Exercise brief — Take the lines in the listing below from the line with "Plage de sable" up to and including the line with "Turtle Kringle on" and set them down exactly, skipping pictures and adding nothing.

Data for processing —
=== Begin Enclosure ===

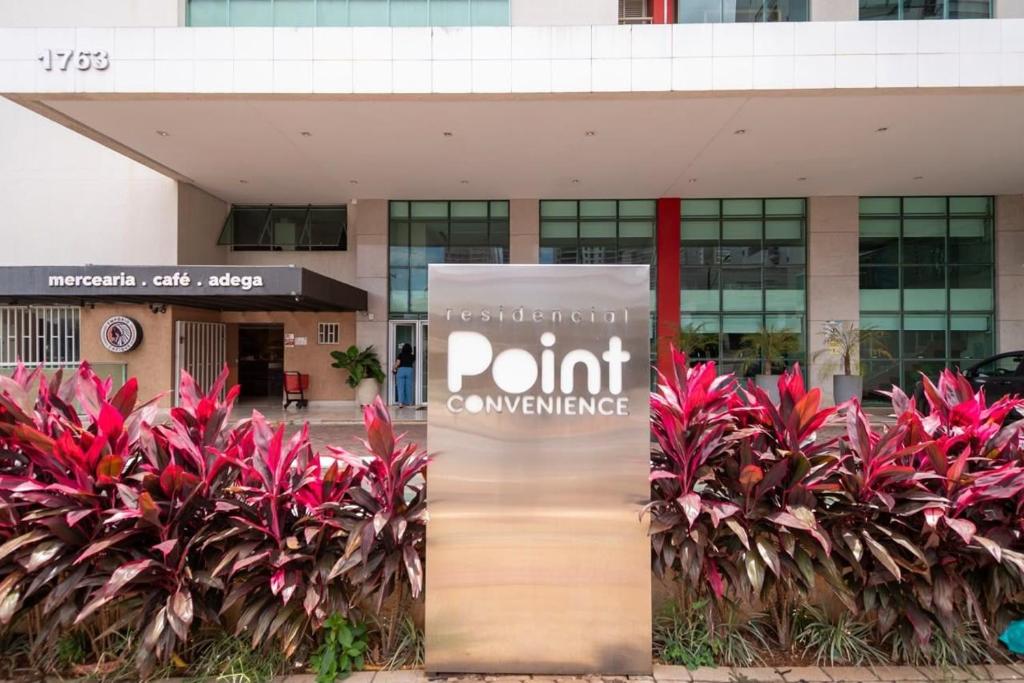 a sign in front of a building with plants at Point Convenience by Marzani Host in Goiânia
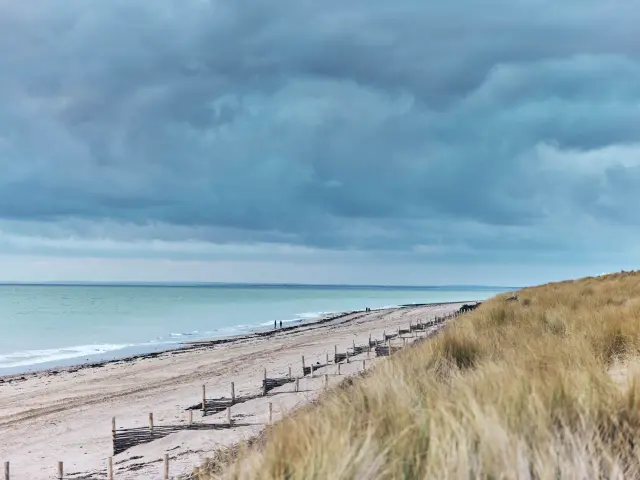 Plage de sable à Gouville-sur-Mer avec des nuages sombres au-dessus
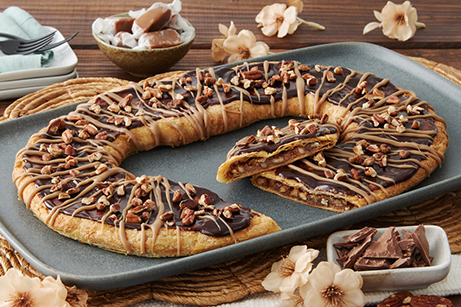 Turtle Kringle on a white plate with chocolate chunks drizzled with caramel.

=== End Enclosure ===
=== Begin Enclosure ===

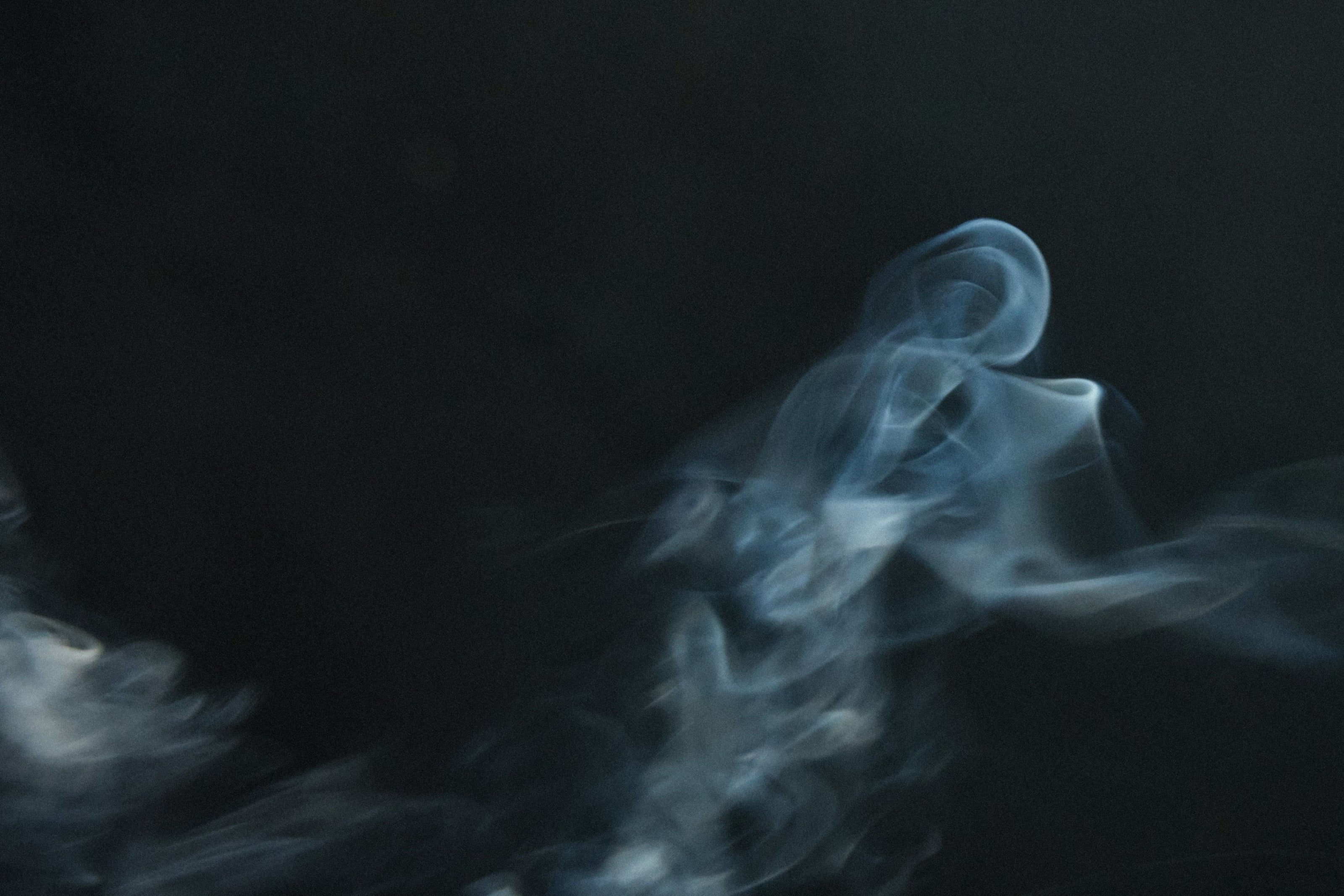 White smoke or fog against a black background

=== End Enclosure ===

Written answer —
 Plage de sable à Gouville-sur-Mer avec des nuages sombres au-dessus
 Turtle Kringle on a white plate with chocolate chunks drizzled with caramel.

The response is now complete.